You also can follow the steps below to pre-train a new model.

Step 1: Prepare Dataset

Extract the molecular descriptors and fingerprints of the SMILES in the ChEMBL dataset:

python preprocess_pretrain_dataset.py --data_path ../datasets/chembl29/

Step 2: Pre-train

Use DistributedDataParallel to pre-train KPGT:

CUDA_VISIBLE_DEVICES=0,1,2,3 python -u -m torch.distributed.run --nproc_per_node=4 --nnodes=1 --master_port 12312 train_kpgt.py --save_path ../models/pretrained/base/ --n_threads 8 --n_devices 4 --config base --n_steps 100000 --data_path ../datasets/chembl29/

You can configure the model by modifing the KPGT/src/model_config.py.

Fine-tune

Step 1: Prepare Dataset

Construct molecular line graphs and extract the molecular descriptors and the fingerprints from SMILES in a downstream dataset (e.g., bace):

python preprocess_downstream_dataset.py --data_path ../datasets/ --dataset bace 

Step 2: Fine-tune

Fine-tune pre-trained model on a specific downstream task:

For classification tasks:

python finetune.py --config base --model_path ../models/pretrained/base/base.pth  --dataset bace --data_path ../datasets/ --dataset_type classification --metric rocauc --split scaffold-0 --weight_decay 0 --dropout 0 --lr 3e-5

For regression tasks:

python finetune.py --config base --model_path ../models/pretrained/base/base.pth  --dataset freesolv --data_path ../datasets/ --dataset_type regression --metric rmse --split scaffold-0 --weight_decay 0 --dropout 0 --lr 3e-5

Weight decay, dropout and lr are tunable hyper-parameters.

Evaluation

Due to the non-deterministic function in PyTorch, it is hard to exactly reproduce the fine-tuning results.
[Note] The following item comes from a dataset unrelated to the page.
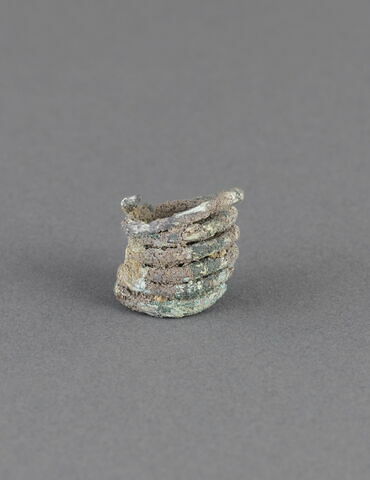 parure ; ornement de cheveux ; bague, image 2/2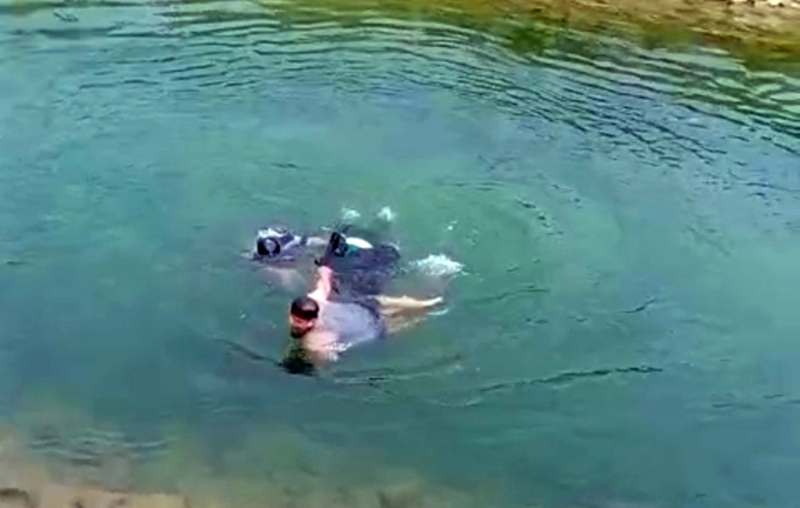 Suspected mother committed suicide with her nearly 2-year-old son in the main canal of Phu Ninh -0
Therefore, we provide the fine-tuned model for eleven datasets under the transfer learning setting, to guarantee the reproducibility of the test results reported in our paper.

Step 1: Download Fine-tuned Models

To download the fine-tuned models: https://figshare.com/s/fd55d94d6bb21b8d7c39

Then unzip it and put the files in the KPGT/models/downstream/ directory.
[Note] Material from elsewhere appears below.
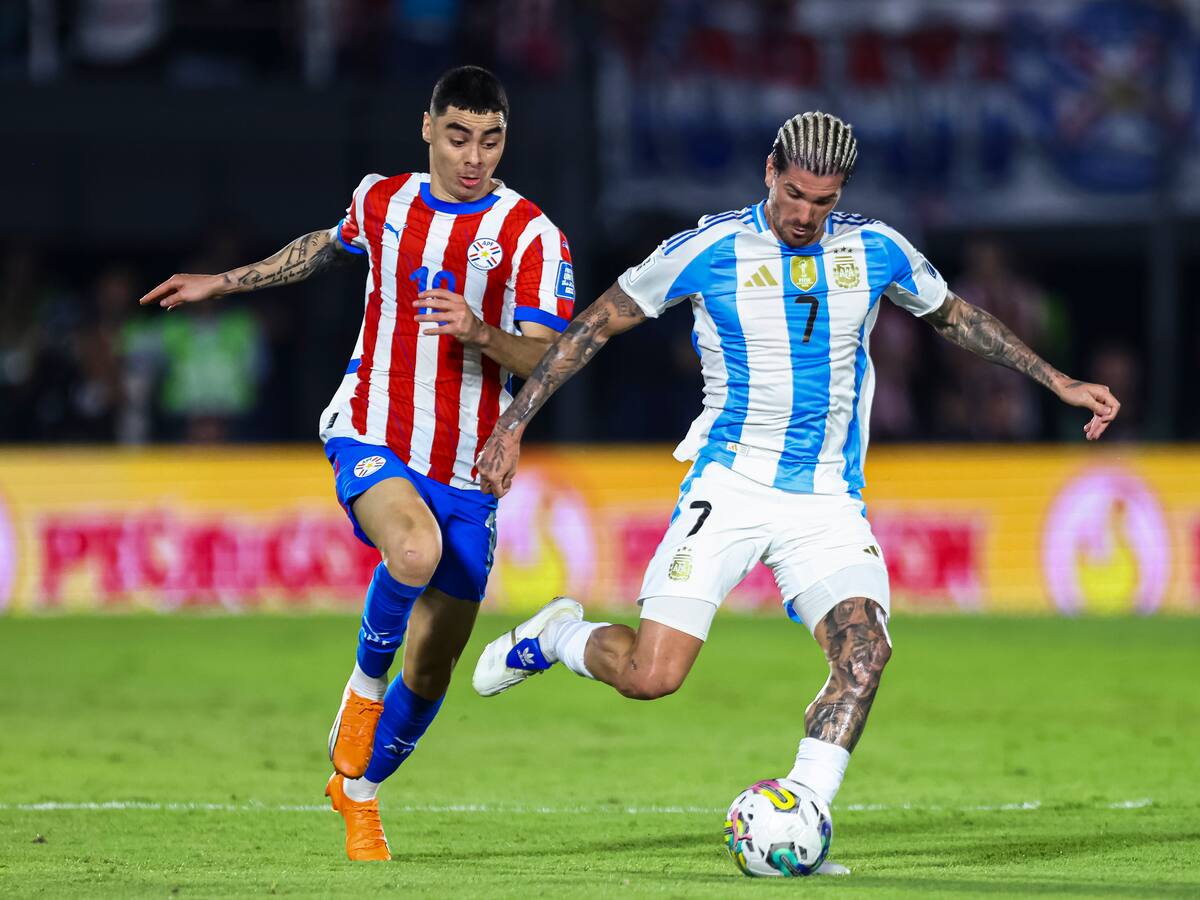 El polémico gesto de Rodrigo De Paul en derrota de Argentina ante Paraguay: ninguneó a la selección rival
Step 2: Reproduce the results

Then the results can be reproduced by:

python evaluation.py --config base --model_path ../models/downstream/bace/scaffold_0.pth --dataset bace --data_path ../datasets/ --dataset_type classification --metric rocauc --split scaffold-0

The dataset, split and model can be specified using parameters --dataset, --split and --model_path, respectively.

Generate Latent Features for Arbitrary Datasets

To generate latent features for molecules from arbitrary datasets using the pre-trained KPGT:

python extract_features.py --config base --model_path ../models/pretrained/base/base.pth --data_path ../datasets/ --dataset bace

Modify --dataset to specify the target dataset.